"Sounds Like A Gay Nightclub..."
That's what my friend Namita said, rolling her SoBo eyes, when I said I was going to live in a housing complex called Dosti Flamingos. The eye-roll was occasioned by the fact that it was in Sewree, an area which I found myself defending each time I mentioned my move. Most people thought it was 'miiiles away', and looked suspicious when I retorted that it was actually one local station closer to town than my previous address. Which was an aesthetic planet away: the idyllic Five Gardens of Dadar Parsi Colony.
So I'd get even more defensive when mentioning my new zip code to my former neighbours. The politer ones tried to control the twitch of nostrils, the imminent sneer. The less polite ones didn't, rubbing it in with 'Kah amari Parsi Colony, ne kah Sivvvri?' (Where's our Parsi Colony, and where's Sewri?). They might as well have pronounced it 'Seweri'.
Jojo, my ex-editor, offered a face saver. 'Why don't you call it Upper Worli, the way Alyque Padamsee upgraded Lower Parel?' Tired of all this patronising, I responded, 'Look, this new place isn't Upper anything. It's not even Lower Parel, it is Lowest Parel.'
So that's the ecosystem of this column. TJ Road used to be 60-foot wide, I hear, but has fallen to that Mumbai affliction more endemic than dengue " encroachment. It is no more than a lane, now fast reverting to pre-Corona chaos. It got its name from a Kutchhi merchant who had pretentiously spelt himself not Thakarshi, or even Thackersey, but Thokersey. The 'Jivraj' part remained unvarnished. Actually the affectation was justified. As I discovered while researching this column, he was the go-getter who built the old Lower Parel landmark, Deepak Talkies, in 1917, which his grandson charmingly restored a couple of years ago.

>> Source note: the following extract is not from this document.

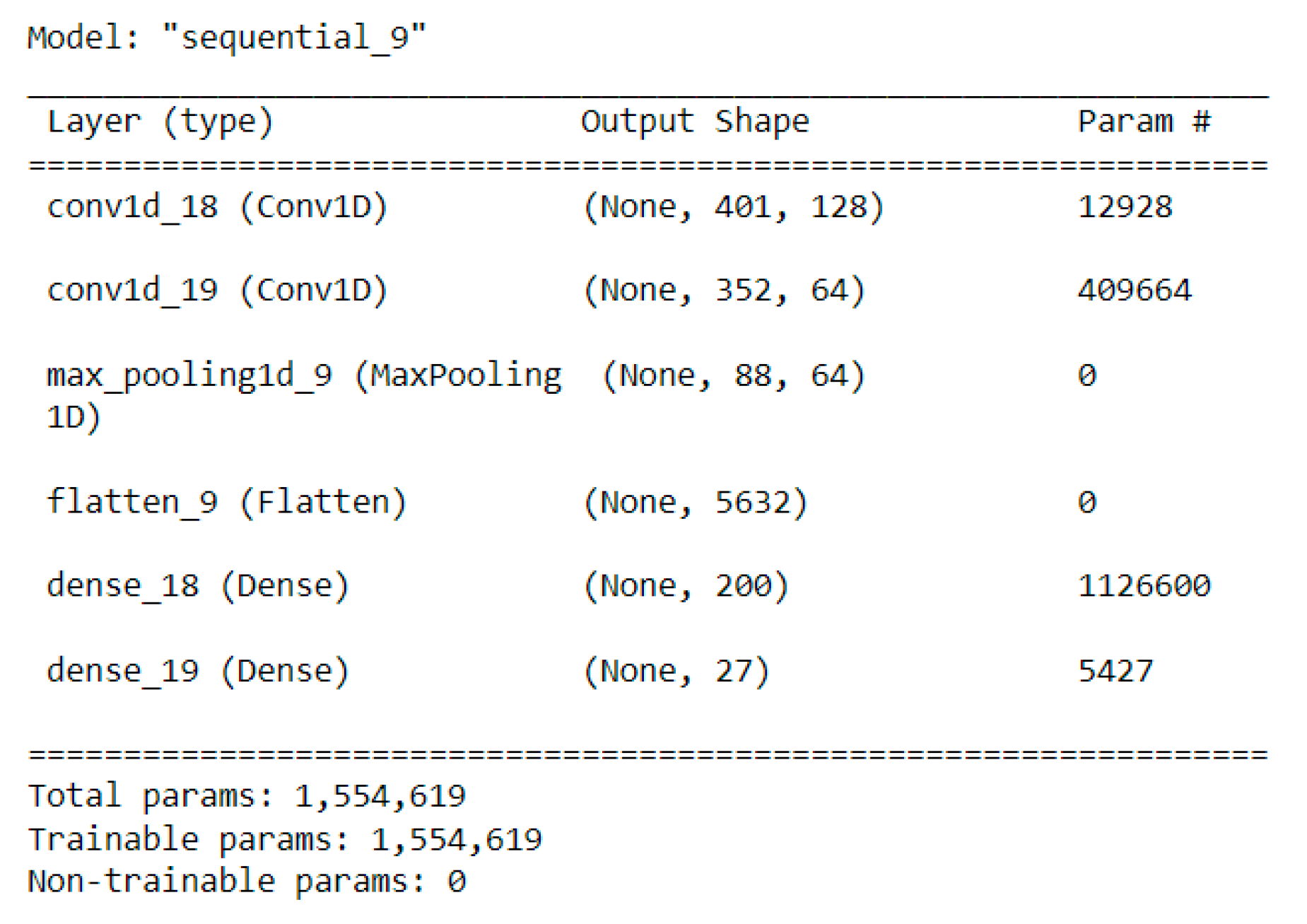 Preprints 87255 g012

'Are there skyscrapers in Sewri?' SoBo-ites had exclaimed in condescending astonishment when their eyes first fell upon it as they zipped across the new Express Freeway en route to Alibag or other weekend getaways. Yes, ma'am, our Lowest Parel is catching up with its first-mover sibling Lower Parel, which is now a fully paid up business district.
Dosti Flamingos was TJ Road's first foot on upward mobility, to be followed by Ashok Gardens and then the other Piramal Group's Celestia Spaces. They all soar high enough to claim spectacular views of the evocative eastern harbour, and, equally important, reduce the squalor below to an ignorable speck.

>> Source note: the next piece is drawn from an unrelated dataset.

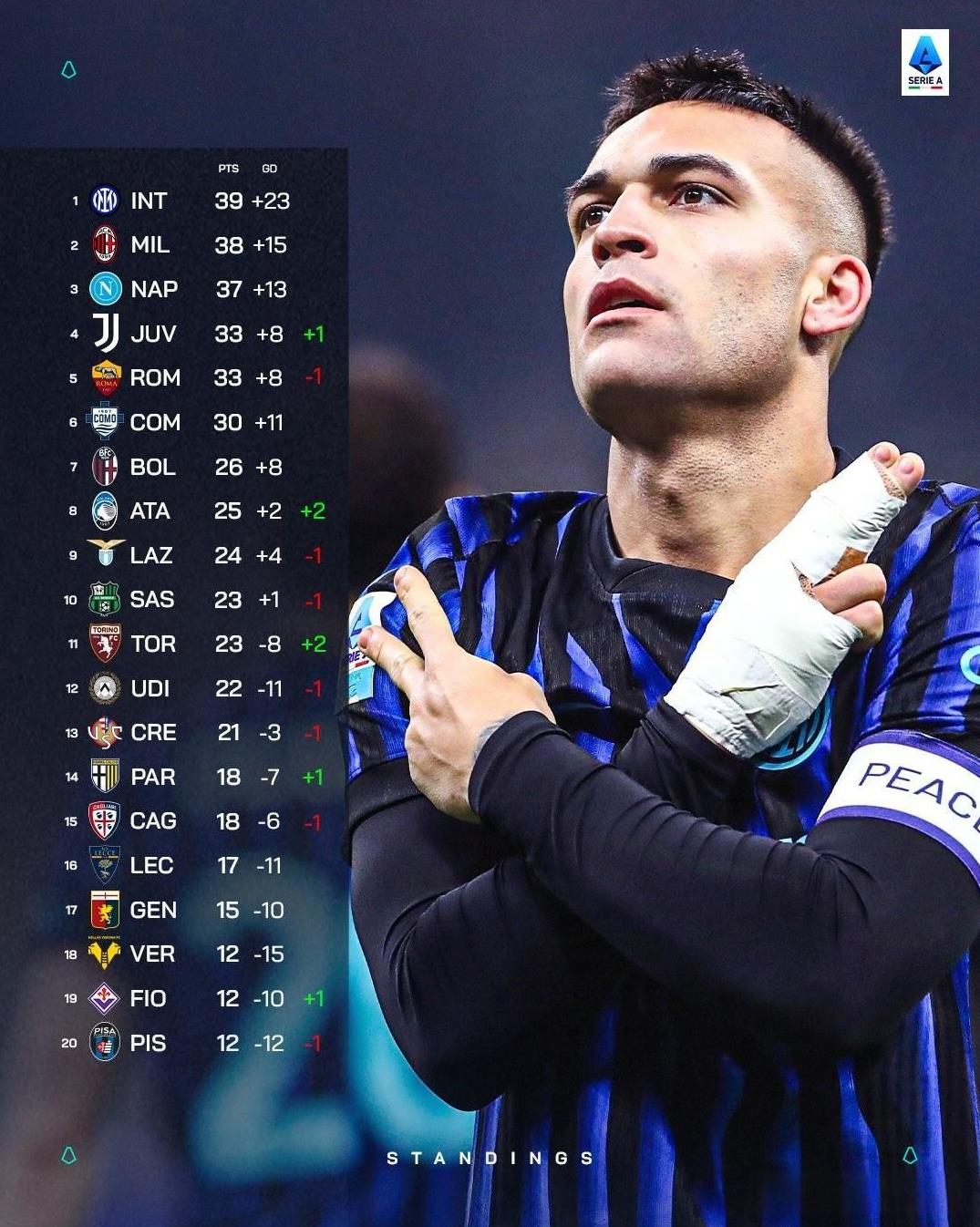 #国际米兰# #意甲# #国米#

Why, not just our lane, even the narrower one branching off from it has a growing march of gated housing estates. Though the address, 'Ram Tekdi', doesn't quite match all the wannabe swank. The first on that block was 'status symbol' Lodha, a group which came out of nowhere a decade ago and hijacked the Mumbai skyline. Their building here is grandiosely named Aria; Honk may have been more appropriate. At least from Dosti if you crane your neck enough you actually can see a pink blur of the flamingos which migrate in thousands to the flotsam-strewn Sewri mudflats across the railway-line.
Dosti Flamingos came up on what was Pestonjee Ardaseer Hormasjee's (OMG, Enemy!) China Mill of 1899, which, in 1921, became Seth Mafatlal Gagalbhai's New China Mills Limited. Thankfully, the builder retained the lovely chimney, once totem pole of what cotton-wealth had made into the 'City of Gold'. Residents are spinning a different kind of yarn; the bleaching and dyeing is of the tresses of the babes (and the Mercedes bens).

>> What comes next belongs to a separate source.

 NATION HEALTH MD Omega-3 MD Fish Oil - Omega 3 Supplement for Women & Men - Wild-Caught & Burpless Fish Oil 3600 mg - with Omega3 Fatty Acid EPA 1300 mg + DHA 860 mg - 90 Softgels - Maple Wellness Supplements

While Lower Parel is all steel and glass, TJ Road is a work in progress, interesting because the rickety scaffolding of gentrification is visible. From here we can observe the baby steps of change; how tower and tenement live in uneasy coexistence. Also, how tower and tower often live in even less peaceful coexistence. So, while this column is called 'Tales From TJ Road', the bigger story is that of Mumbai in the making.